Catching sight of them, he dismounted from his horse and strode over. James, feeling he had lost the ability to be shocked or surprised by anything, finished the blood-replacement rune and rose to his feet. “Mr. Fade,” he said as Malcolm approached. “What are you doing here?”

“Just happened by,” said Malcolm, crouching down to peer into Charles’s face. He put a gloved hand under Charles’s chin and muttered a few words in a low voice. There was a spark of dark purple flame, and Charles jolted, blinking around as if he’d just woken up.

Matthew stared. “Is he—all right now?”

“He ought to see one of your Silent Brothers,” said Malcolm. “But he’s better, certainly. Whoever he is.” He squinted. “Is that the Consul’s son?”

“Warlocks never just ‘happen by,’” James said. “Not that we don’t appreciate your help—”

For some reason Malcolm looked sharply at Lucie. She stared back at him, her expression hard for James to read. At last Malcolm straightened up. “The gate between worlds has closed,” he said gruffly. “Leviathan has been forced out.”
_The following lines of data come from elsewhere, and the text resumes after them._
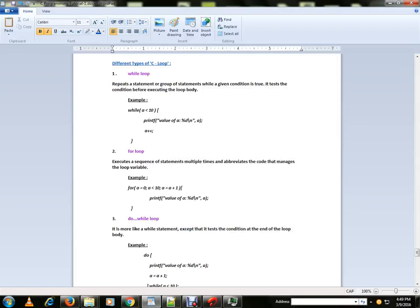Hi friends, welcome to C programming tutorial. In this video I'm going to talk about different types of C loops.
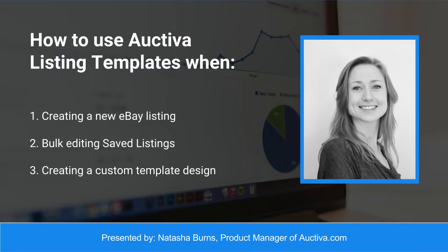Hey everyone, it's Natasha with Auctiva.com and I'm here to show you today how to add, edit, and create template designs for your eBay listings.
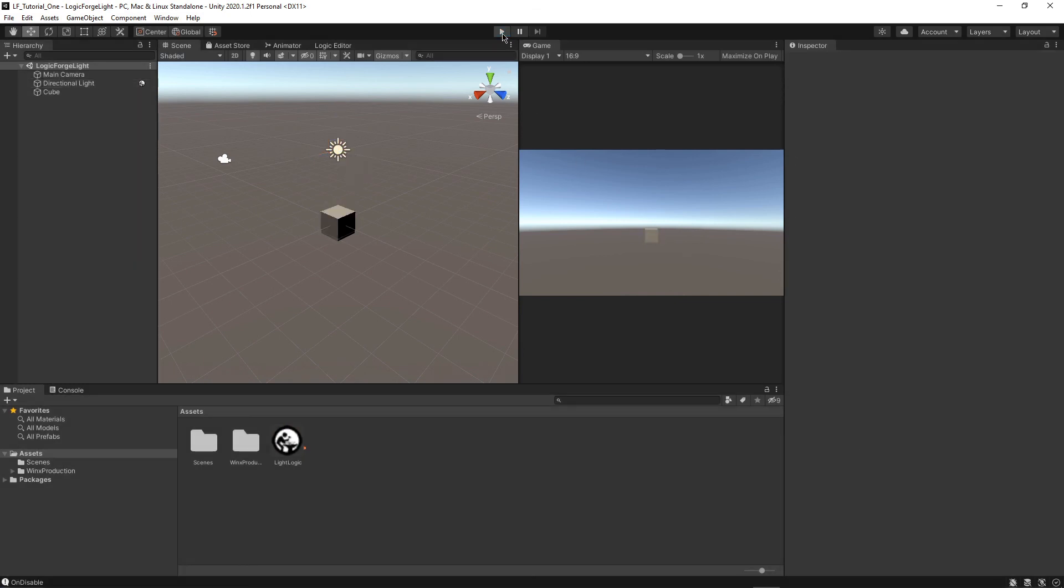Awesome. So you've made your first step in learning how to work with a visual scripting tool such as Logic Forge. Thank you for watching.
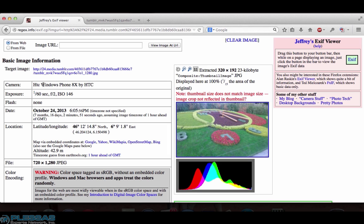We see that the image was captured on a smartphone, an HTC Windows phone. We have exposure and flash information. We also see the date and time that the image was captured and on a cell phone image this information is highly accurate because it is set by the nearby cell tower unlike on a regular camera which relies upon the user to set the date and time.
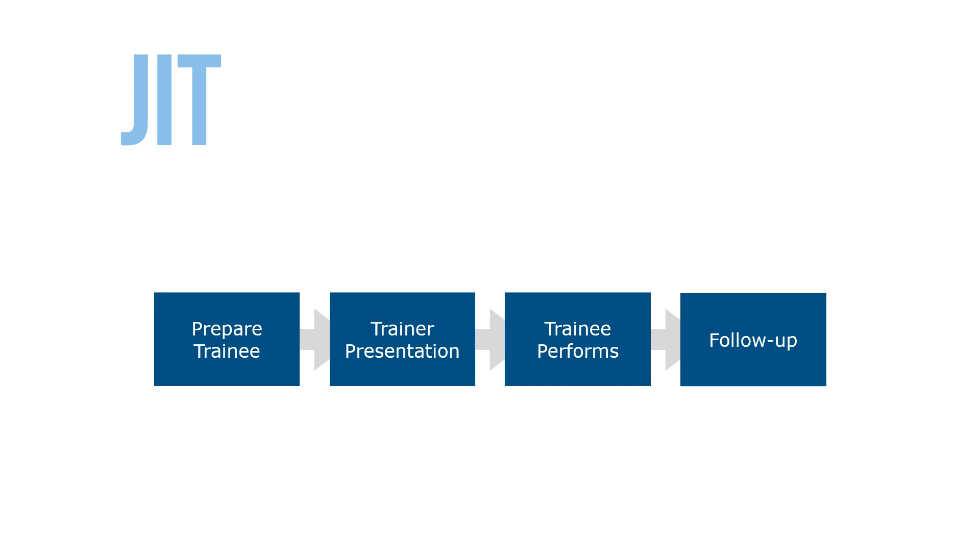JIT has four steps, presented and described here. The first, prepare the trainee, followed by trainer presentation. Then, the trainee performs the task with follow-up. Let's take a look.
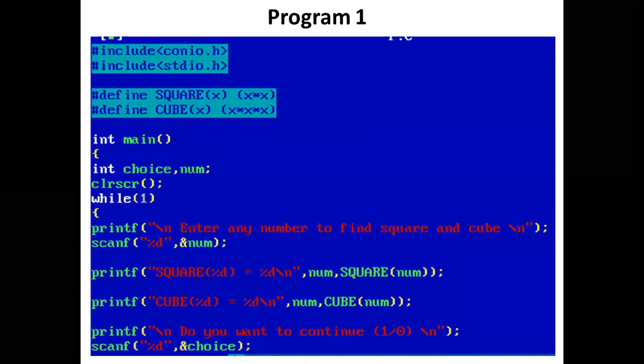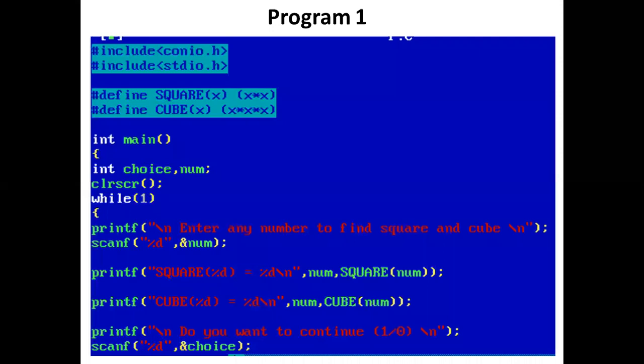Program 1. We have defined two macros. The first is #define SQUARE(x), which expands to (x*x). So whenever we write SQUARE(x), it will be replaced by (x*x), allowing us to find the square of a number.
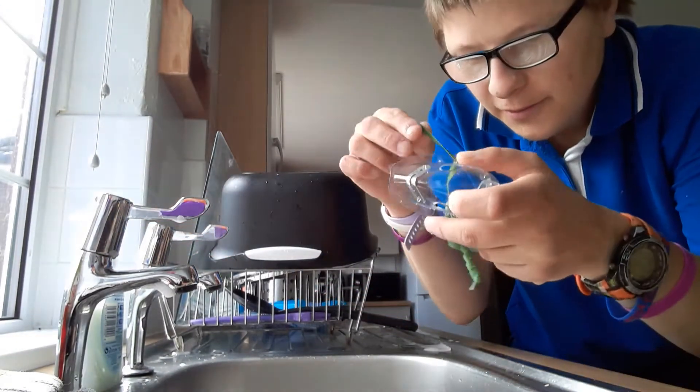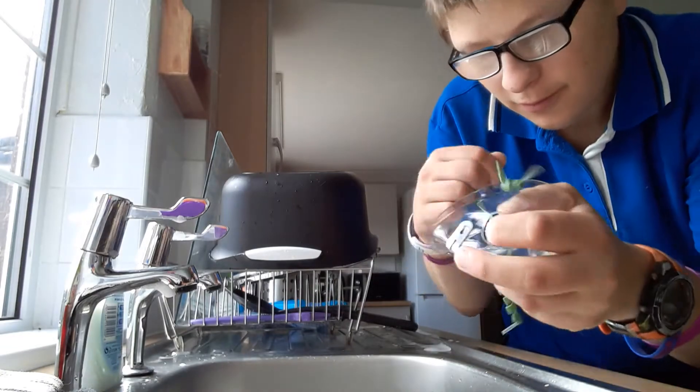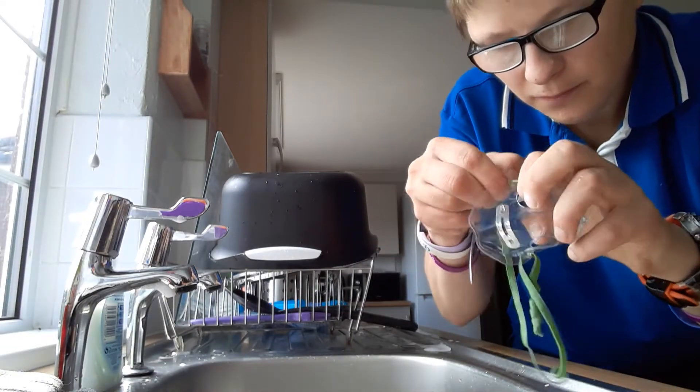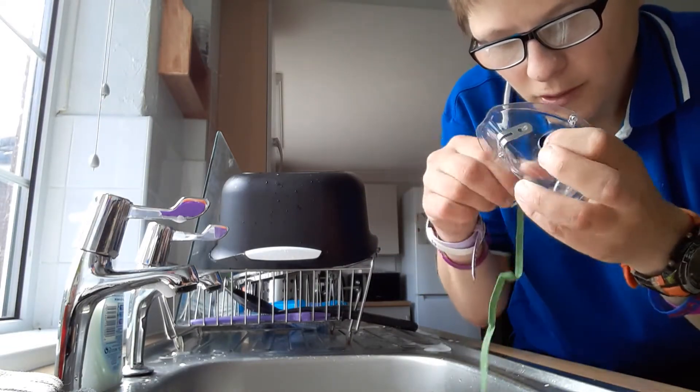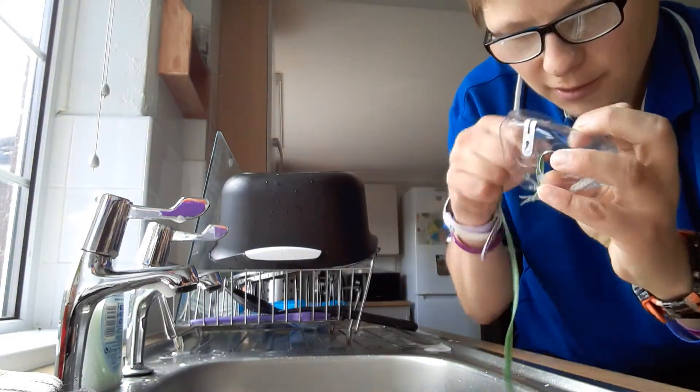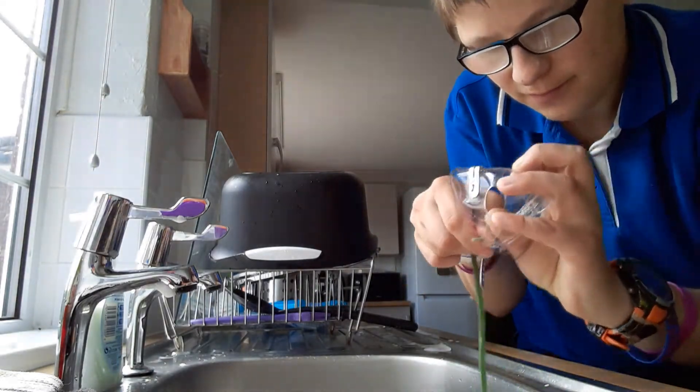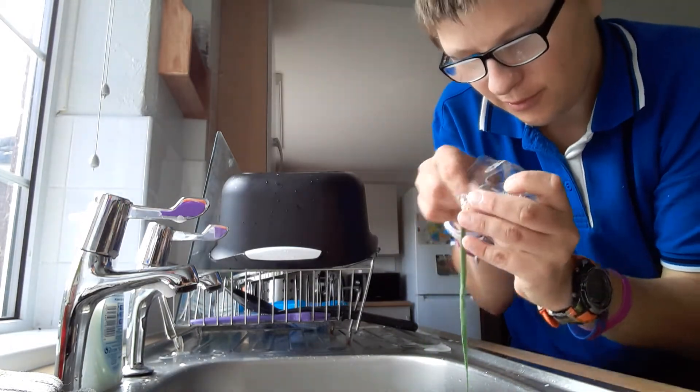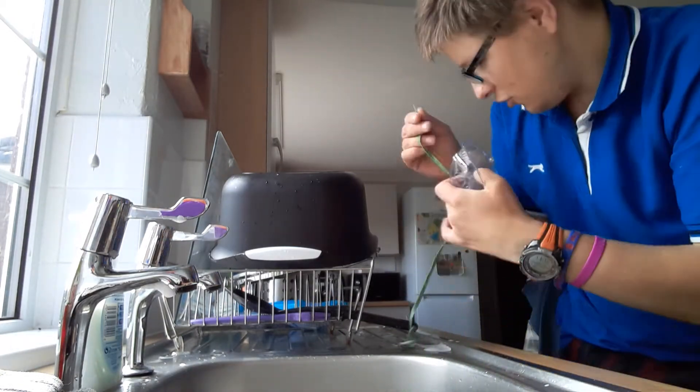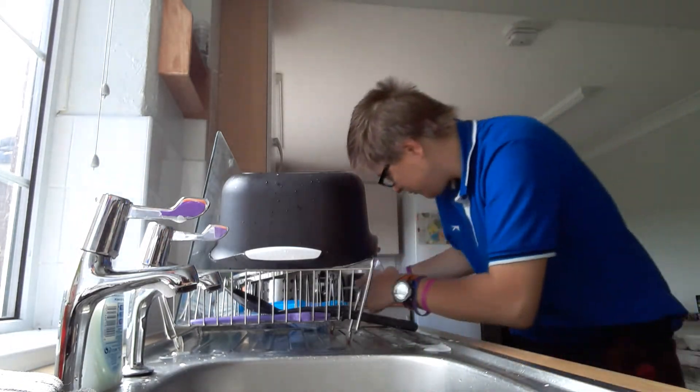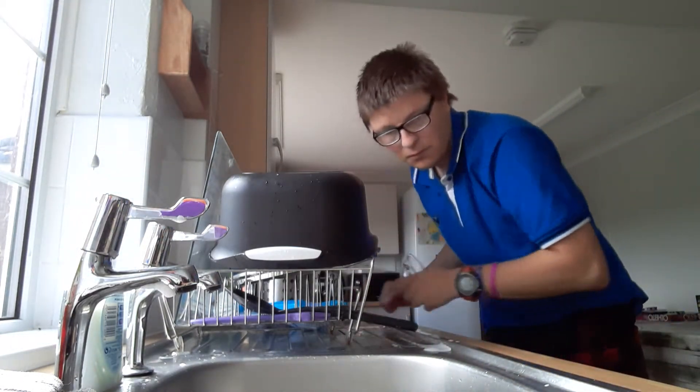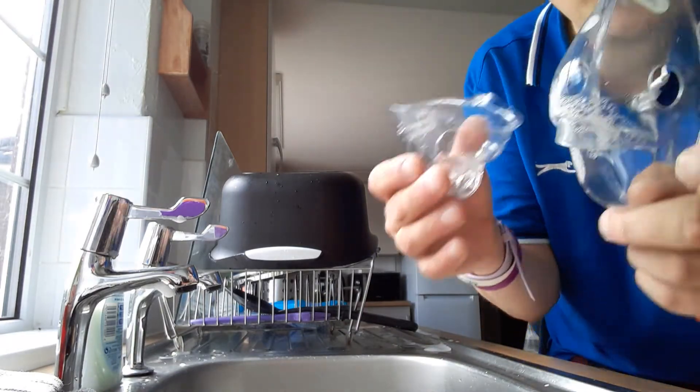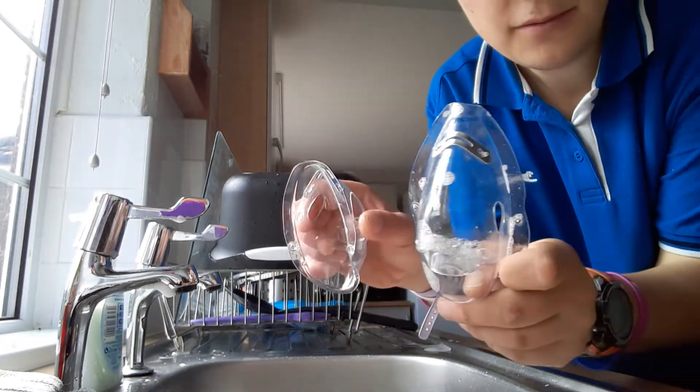Firstly, I'm taking the strap off the mask. There are two masks here, a child mask and an adult mask.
James sprang to his feet. “The attack on the Institute—it’s over?”

Malcolm confirmed that the Institute had been attacked, the attacker had been a single monster: the Prince of Hell, Leviathan, who had slipped through a door, a gap between dimensions. “There were a few injuries, and quite a bit of property damage—but your people were very lucky, in fact. The Portal connecting Leviathan to Earth was very small, only about the size of the Institute courtyard.”